Useless Status Update Thursday

I almost didn’t write this because I’d rather see a useless Facebook status update from someone I like than no update at all. And I am certainly guilty of posting useless updates from time to time (all the time). But griping about useless status updates is a hobby of mine. I can’t resist writing about them on Useless Adjective Thursday.

8 Useless Updates, in no particular order

Darlene… is waiting on Tim : I wonder if “waiting on” is even legitimate grammar. She doesn’t mean she’s a waitress and she’s serving dinner to Tim. She means she’s sitting in her car waiting FOR Tim. Also, this is possibly the most boring status update ever, because she’s bored, which makes us bored.

Billy Bob… is glad it’s Friday! (see also: thank God it’s Friday, I’m so glad it’s Friday, it is finally Friday, only one more day until Friday, and only two more days until Friday) : While TGIF status updates are not useless in and of themselves, they are overused — grossly — and therefore their meaning is diluted, rendering them useless.

Jeannie… has a case of the Mondays! (see also: I wish it were Friday, I can’t believe it’s already Monday, I hate Mondays, and why can’t it be Friday?) : Diluted. See above.

Lisa… Wow! It is a beautiful day! : Weather-related status updates are not necessarily useless. But “beautiful” weather could be anything. Give me a visual, people. I like picturing my various friends in various locations enjoying various climates. But one man’s beautiful is another man’s… not beautiful. Throw us a bone.

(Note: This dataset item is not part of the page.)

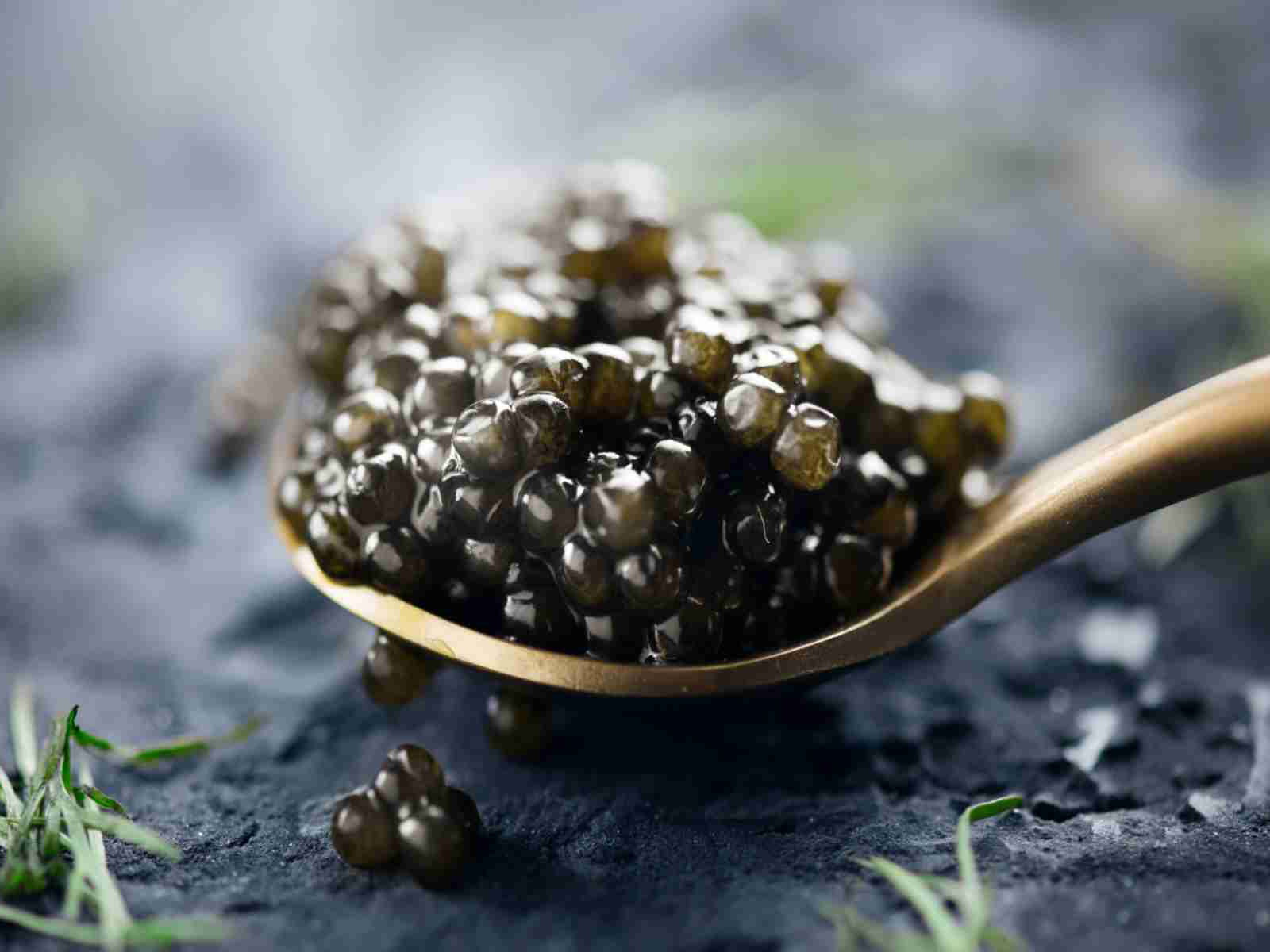 If there's one food that is&nbsp;associated with pure luxury, it's caviar.&nbsp;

Jim… is tired (see also: exhausted, sleepy, and needs a nap) : Boring.

Any and every update with “AI” (American Idol) in the text.

Sara… needs coffee (see also: is drinking coffee, loves coffee, wants more coffee, can’t wait to have coffee, mmm coffee)  Alert: writing about coffee and your need for it is overused and flirts with useless.

Any and every update with Yum! appended to it. : Unnecessary. I assume your food is “Yummy!” or you wouldn’t be bothering to update your status with a description of it.

Juno… is relaxed (see also: is relaxing, is chillin’, and my least favorite: is chillaxin’) : I need more (and eliminate chillaxin’ altogether, please). Are you relaxing while watching Rescue Me with a glass of wine? Are you relaxing while sitting on your back porch shooting rats as they run along your fence? Give me something I can sink my teeth into here.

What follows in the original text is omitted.